- Biografia 2
- Caterina Fieschi da Genova
- Capitolo quattordicesimo. La vanagloria non poteva entrare in quella sua mente purificata a causa della chiara vista della verità.
- La vanagloria non poteva entrare in quella mente a causa della vera verità veduta, e questa sua disperazione di se medesima faceva sì che tutta la sua confidenza fosse in Dio solo, amore suo dolcissimo, nel quale si abbandonava anima e corpo dicendo: «Fa di me tutto quello che vuoi», con una fiducia certa che non la dovesse mai abbandonare, soprattutto nel non lasciarla cadere in alcun peccato. E avrebbe scelto più facilmente tutti gli inferni immaginabili che vedersi una macchia di peccato addosso, per minima che fosse stata; ancorché presso Dio non si possa dire del peccato cosa minima, ma piuttosto grande e grandissima, per quanto minimo si possa immaginare il peccato; dal momento che è tanta la bontà di Dio che ogni cosa, quantunque minima contro tale bontà, è cosa grandissima.

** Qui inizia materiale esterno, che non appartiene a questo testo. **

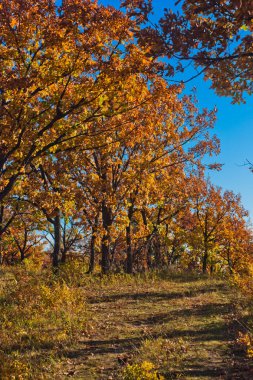 meşe ormanında sonbahar, altın ve bronz renk, mavi gökyüzü, bir yol, Uzak Doğu Rusya, Çin sınırında doğası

- Non solo quest’anima purificata non aveva alcuna reputazione di se medesima né vanagloria di qualcosa, ma aveva molto a cuore di essere ripresa e avvisata di qualche sua inclinazione e mai si scusava, quanto piuttosto cercava di essere consigliata e ripresa. Era tanta la profonda vista interiore di quella mente illuminata che diceva cose tanto intime e di tanta perfezione che erano quasi incomprensibili anche agli intelletti devoti.